Very well may be so, but I think this case has something that is, IMHO, very on-topic for this mailing list, as a venue to discuss running this technical project. I think regardless of the merits of the particular CoCC decision, there's something wrong in how it happened. Namely:
1. The account was disabled without any indication (except the email to the person owning it, which is also rather easy to miss - not the admin's fault, but read on) of what and why happened, as far as I could see. Note that Phabricator is a collaborative space, and disabling an account may influence everybody who may have been working with the person, and even everybody that working on a ticket that this person commented once. If they submitted a bug and I want to verify with them and the account is disabled - what do I do? People are left guessing - did something happen? Did his user leave the project? Was it something they said? Something I said? Some bug? Admin action? What is going on? There's no explanation, there's no permanent public record, and no way to figure out what it is.
What I would propose to improve this is on each such action, to have permanent public record, in a known place, that specifies: a. What action it was (ban, temporary ban - with duration, etc.) b.
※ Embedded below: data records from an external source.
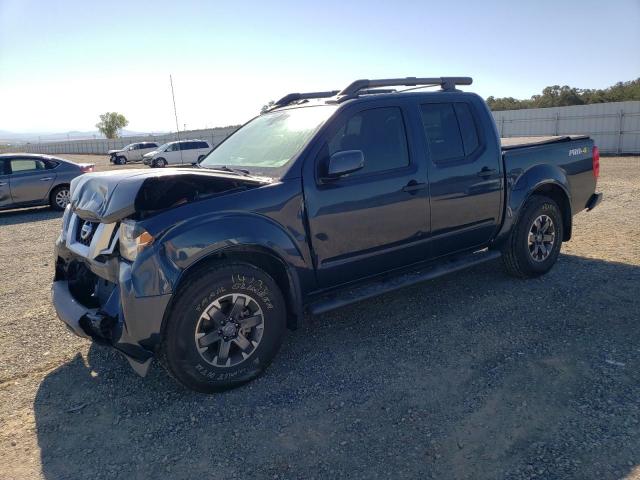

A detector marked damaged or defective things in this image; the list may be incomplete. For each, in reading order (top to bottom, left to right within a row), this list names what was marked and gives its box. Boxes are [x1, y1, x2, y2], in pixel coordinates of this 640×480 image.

crumpled hood [70, 169, 270, 223]
exposed headlight housing [118, 219, 153, 260]
damaged front end [51, 168, 268, 376]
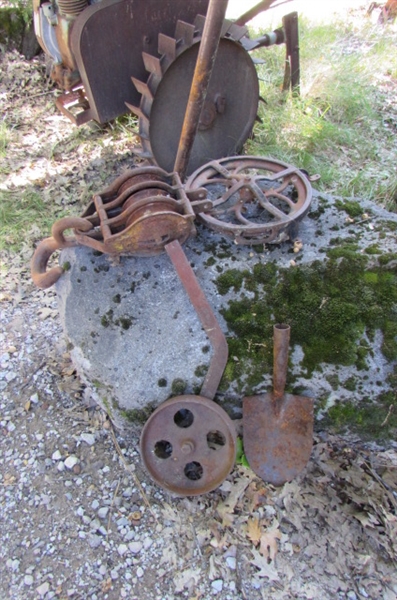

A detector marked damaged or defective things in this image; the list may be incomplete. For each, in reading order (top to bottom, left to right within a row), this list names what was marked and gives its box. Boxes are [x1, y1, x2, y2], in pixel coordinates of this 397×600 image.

rusty metal gear [125, 15, 258, 176]
rusted metal surface [127, 16, 256, 175]
rusted metal surface [173, 0, 229, 178]
rusted metal surface [29, 169, 198, 290]
rusty machinery [31, 1, 312, 496]
rusted metal surface [165, 237, 227, 400]
rusty metal gear [184, 158, 310, 247]
rusty metal pulley block [184, 158, 310, 247]
rusted metal surface [186, 157, 312, 246]
rusted metal surface [140, 394, 235, 496]
rusty metal gear [141, 394, 237, 496]
rusted metal surface [241, 324, 312, 488]
rusty shovel head [241, 324, 312, 488]
rusty shovel head [241, 392, 312, 486]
Who decided on that action and who implemented it, the latter - to be sure if somebody thinks it's a bug or mistake, they can ask "did you really mean to ban X" instead of being in unpleasant and potentially embarrassing position of trying to guess what happened with no information. c. Why this action was taken - if sensitive details involved, omitting them, but providing enough context to understand what happened, e.g. "Banned X for repeated comments in conflict with CoC, which we had to delete, e.g. [link], [link] and [link]" or "Permanently banned Y for conduct unwelcome in Wikimedia spaces", if revealing any more details would hurt people. It doesn't have to be 100% detail, but it has to be something more that people quietly disappearing.
Establishing such a place and maintaining this record should be one of the things that CoCC does.
2. There seems to be no clearly defined venue to discuss and form consensus about such actions. As it must be clear now, such venue is required, and if it is not provided, the first venue that looks suitable for it will be roped in. To much annoyance of the people that wanted to use that venue for other things.
I would propose to fix it by providing such venue, and clearly specifying it in the same place where the action is described, as per above. Again, establishing and advertising such place should be something that CoCC does.
It is clear to me - and I think to anybody seeing the volume of discussion this generated - that we need improvement here. We can do better and we should.